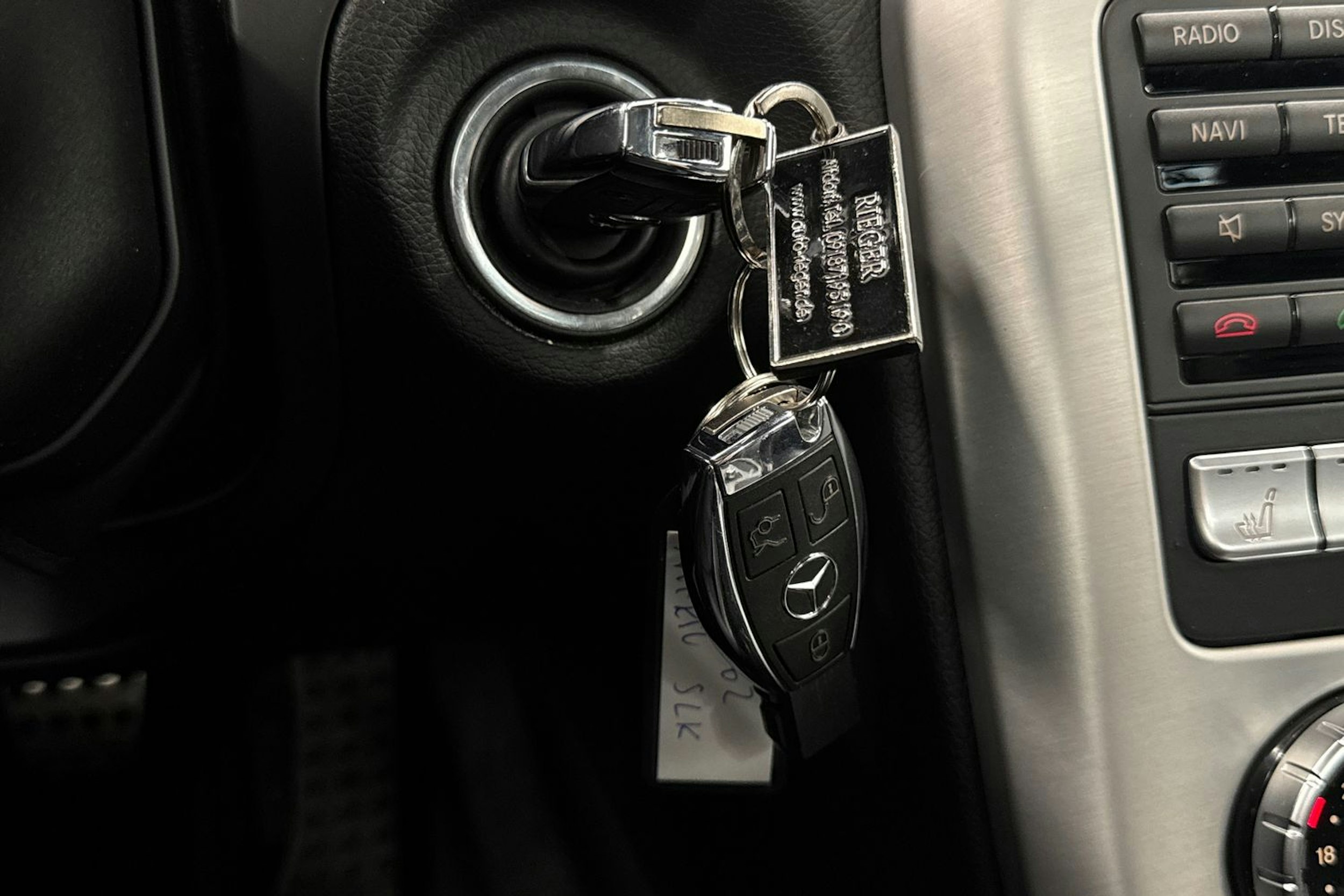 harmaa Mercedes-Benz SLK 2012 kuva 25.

...

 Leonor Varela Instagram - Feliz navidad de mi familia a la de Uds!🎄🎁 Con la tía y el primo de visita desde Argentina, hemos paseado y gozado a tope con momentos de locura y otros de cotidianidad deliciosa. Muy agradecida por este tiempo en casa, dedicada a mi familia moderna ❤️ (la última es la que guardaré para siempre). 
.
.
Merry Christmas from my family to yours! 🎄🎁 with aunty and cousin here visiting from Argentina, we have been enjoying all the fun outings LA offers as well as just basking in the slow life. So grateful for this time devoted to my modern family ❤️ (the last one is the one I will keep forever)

Task brief: Return, from the data, each line where the string "Argentina" occurs.

Answer section:
 Leonor Varela Instagram - Feliz navidad de mi familia a la de Uds!🎄🎁 Con la tía y el primo de visita desde Argentina, hemos paseado y gozado a tope con momentos de locura y otros de cotidianidad deliciosa. Muy agradecida por este tiempo en casa, dedicada a mi familia moderna ❤️ (la última es la que guardaré para siempre). 
Merry Christmas from my family to yours! 🎄🎁 with aunty and cousin here visiting from Argentina, we have been enjoying all the fun outings LA offers as well as just basking in the slow life. So grateful for this time devoted to my modern family ❤️ (the last one is the one I will keep forever)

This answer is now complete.